(Prompt) The lines from the one containing "纪检监察党风廉政工作计划动态PPT" to the end of the entries, both included, are what you need to transcribe exactly, without pictures and without anything else.

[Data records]
********************

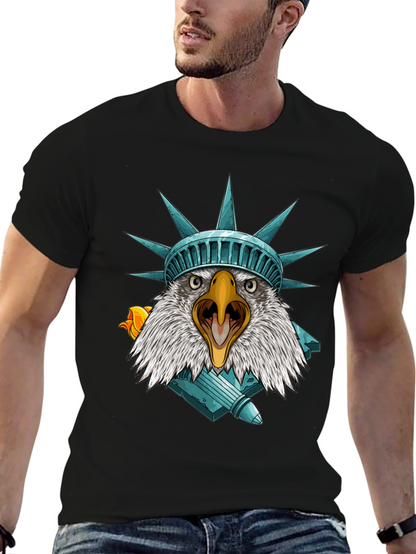 Camiseta Águila Estatua Libertad - Estilo Patriótico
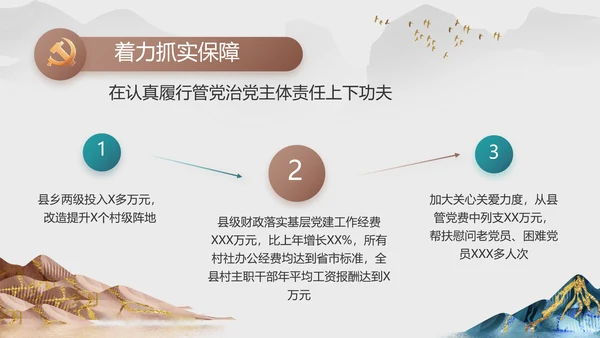 纪检监察党风廉政工作计划动态PPT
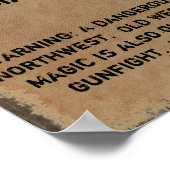 Poster Gunslinger de l'affiche Recherchée de l'ouest (Coin)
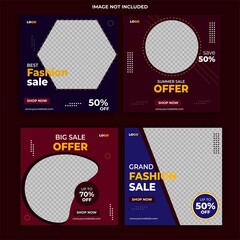 Fashion Sale Banner post design for social Media 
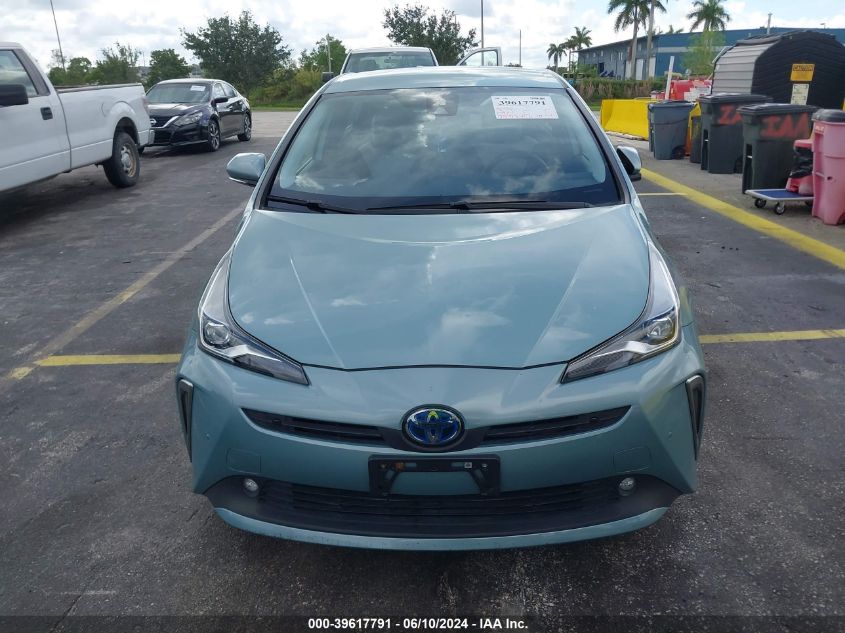2019 Toyota Prius Le VIN: JTDL9RFU3K3012291 Lot: 39617791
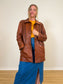 Vintage Bertanni Leather Jacket in Brown (Size L)
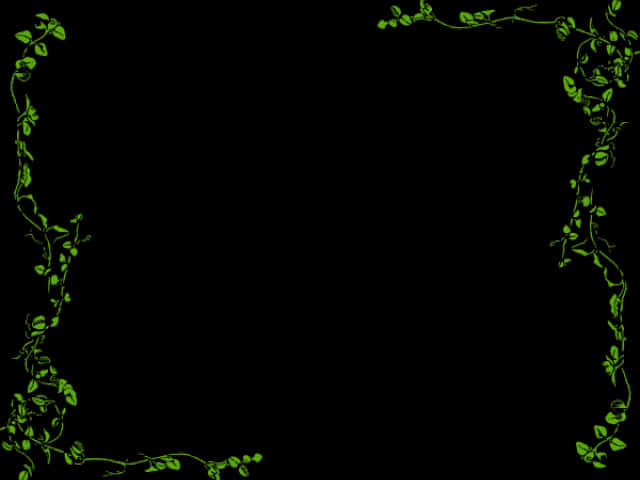 Marco de diseño con enredaderas verdes Fondos de pantalla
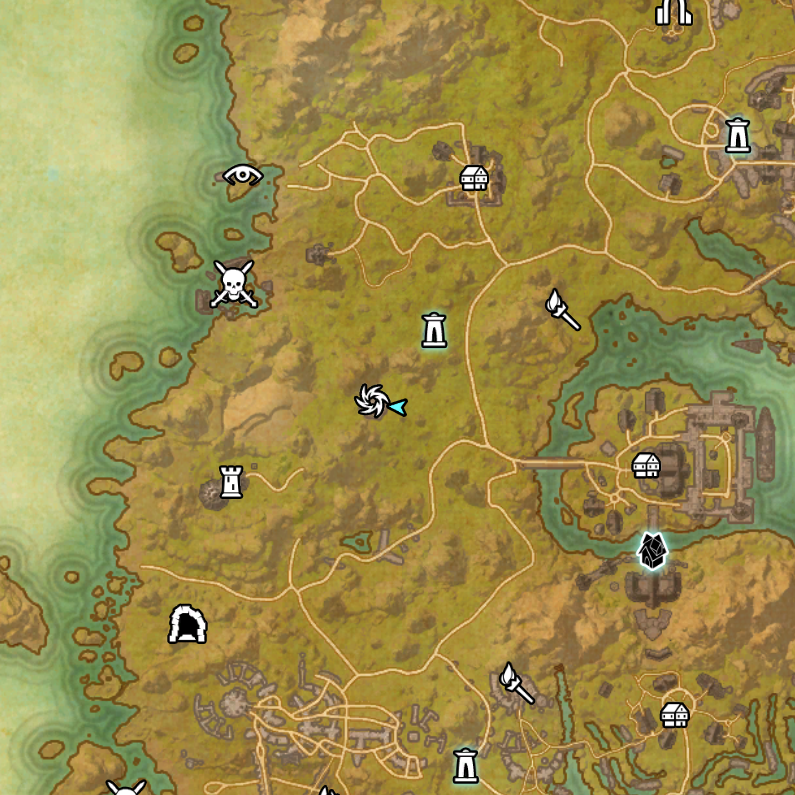eso auridon dolmen map eso auridon dolmen map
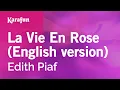 Download Lagu La Vie En Rose (english version) - 1940s Standards | Karaoke Version | KaraFun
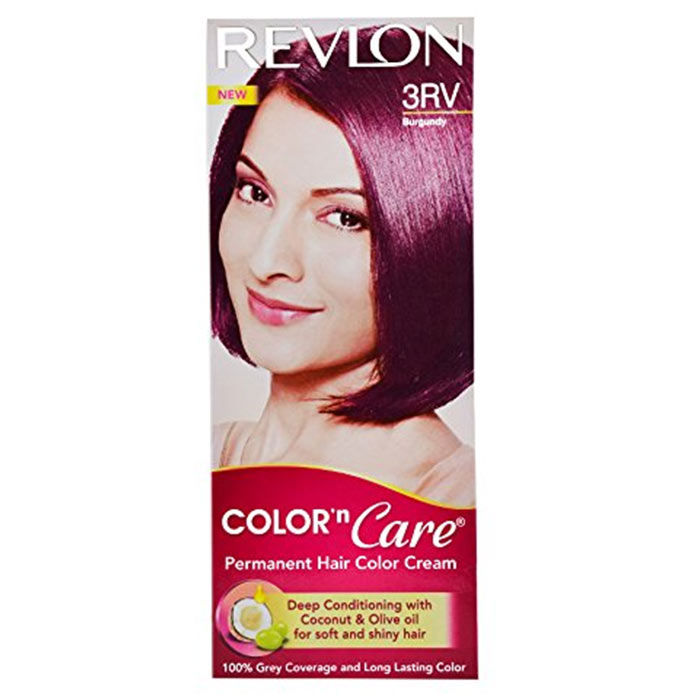 Revlon Color N Care Permanent Hair Color Cream Burgundy 3rv 40 G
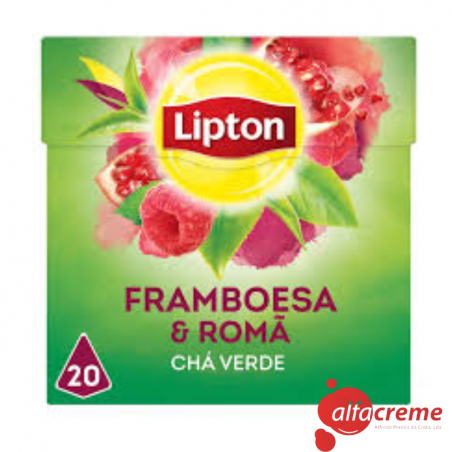 Chá Lipton Raspberry Roma Green W/20
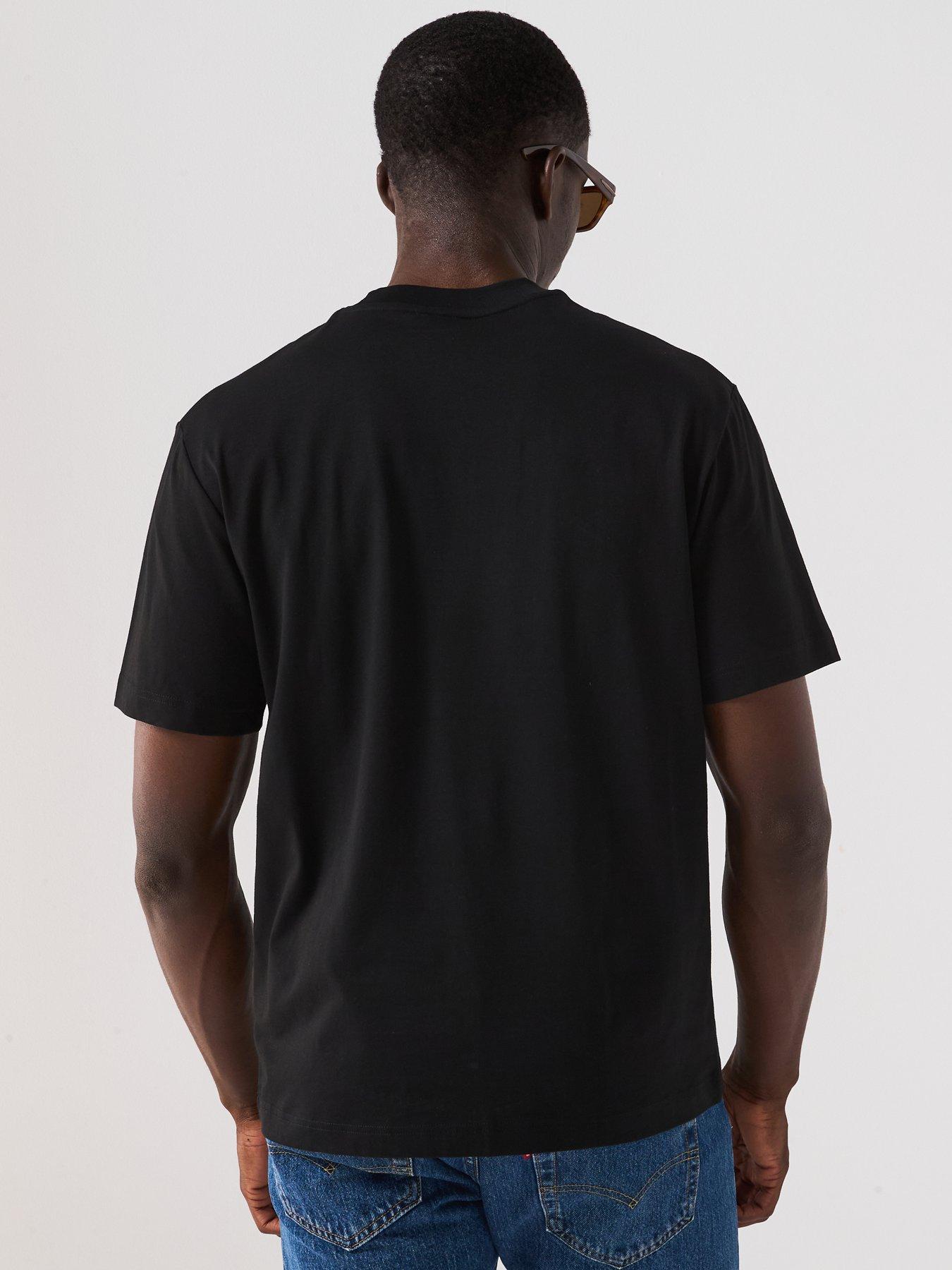 Image 2 of 5 of Lacoste Mid Weight Cotton Jersey T-Shirt - Black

********************

(Answer to this problem)
 纪检监察党风廉政工作计划动态PPT
 Poster Gunslinger de l'affiche Recherchée de l'ouest (Coin)
 Fashion Sale Banner post design for social Media 
2019 Toyota Prius Le VIN: JTDL9RFU3K3012291 Lot: 39617791
 Vintage Bertanni Leather Jacket in Brown (Size L)
 Marco de diseño con enredaderas verdes Fondos de pantalla
eso auridon dolmen map eso auridon dolmen map
 Download Lagu La Vie En Rose (english version) - 1940s Standards | Karaoke Version | KaraFun
 Revlon Color N Care Permanent Hair Color Cream Burgundy 3rv 40 G
 Chá Lipton Raspberry Roma Green W/20
 Image 2 of 5 of Lacoste Mid Weight Cotton Jersey T-Shirt - Black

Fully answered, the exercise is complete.